** SOURCE DATA follows **

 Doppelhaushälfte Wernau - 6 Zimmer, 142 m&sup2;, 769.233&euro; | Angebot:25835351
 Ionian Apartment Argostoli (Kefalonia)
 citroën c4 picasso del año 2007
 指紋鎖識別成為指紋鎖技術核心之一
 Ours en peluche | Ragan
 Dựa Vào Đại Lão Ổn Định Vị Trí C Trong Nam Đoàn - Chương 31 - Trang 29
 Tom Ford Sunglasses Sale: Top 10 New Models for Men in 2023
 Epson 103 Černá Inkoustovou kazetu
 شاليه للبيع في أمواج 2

** End of SOURCE DATA **

> WHAT YOU WILL DO: Reproduce exactly the line bearing "Dựa Vào Đại" and all the lines that come after it in the records above; add nothing.

> TASK RESPONSE:
 Dựa Vào Đại Lão Ổn Định Vị Trí C Trong Nam Đoàn - Chương 31 - Trang 29
 Tom Ford Sunglasses Sale: Top 10 New Models for Men in 2023
 Epson 103 Černá Inkoustovou kazetu
 شاليه للبيع في أمواج 2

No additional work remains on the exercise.